The patient was referred to oral surgery and surgical excision of the lesion was done.
Discussion | |  |
MFH is the most common soft-tissue sarcoma in adults, accounting for 20-30% of all soft-tissue sarcomas. [4],[5],[6],[7] It remains relatively uncommon in the head and neck region, accounting for 3-10% of all cases. In addition to soft tissue, the tumor has been reported to occur in virtually every part of the body, including bone, viscera and skin. [8] In the head and neck area, the more common sites involved are the craniofacial bones (15-25%), larynx (10-15%), soft tissue of the neck (10-15%), major salivary glands (5-15%) and oral cavity (5-15%). [9] In our case, it was located in the left ramus and the body of mandible.

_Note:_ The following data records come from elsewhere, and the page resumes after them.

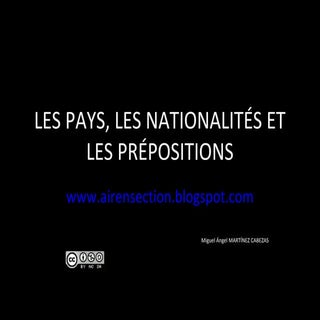 Les pays, les nationalités et les p...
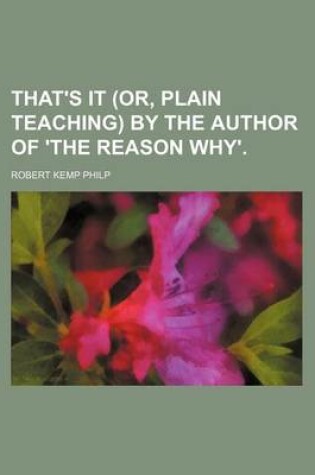 Cover of That's It (Or, Plain Teaching) by the Author of 'The Reason Why'.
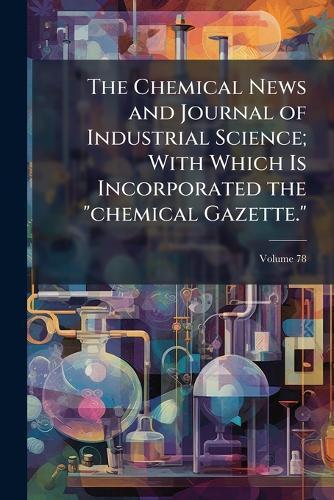 The Chemical News and Journal of Industrial Science; With Which Is Incorporated the ""chemical Gazette.""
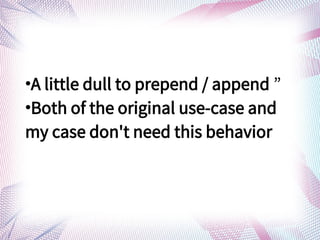 
A little dull to prepend / append 

Both of the original use-case and
my case don't need this behavior
 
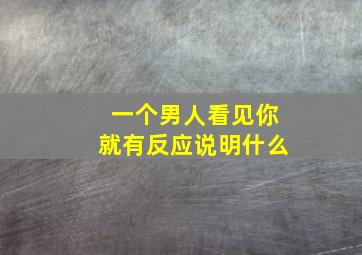 一个男人看见你就有反应说明什么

The etiology of this tumor is unknown, but seems to be multifactorial. Genetic background, environmental factors such as trauma, radiotherapy and malignant transformation from benign lesions can be involved in the etiology of this malignant tumor. [8]
Clinically, patients with MFH usually present with an enlarging, painless, solid soft-tissue mass. Most patients are between 50 and 70 years of age and men are affected 2-3 times more commonly than women. [10] Our case was a 50-year-old male and presented with similar features. Reported radiographic findings were irregular bone margin, a moth-eaten appearance, erosion of cortex, pathological fracture and tooth root resorption. [11] Kanazawa et al. reported that lesions of the mandible presented as an extensive, ill-defined osteolytic lesion radiographically and neither marginal sclerosis nor periosteal reaction was observed. In our case, it presented as a multilocular radiolucency. However, these radiographic findings are not specific to MFH and may be observed in squamous cell carcinoma, fibromyxoma, lymphoma, plasmacytoma and other malignant bone tumors.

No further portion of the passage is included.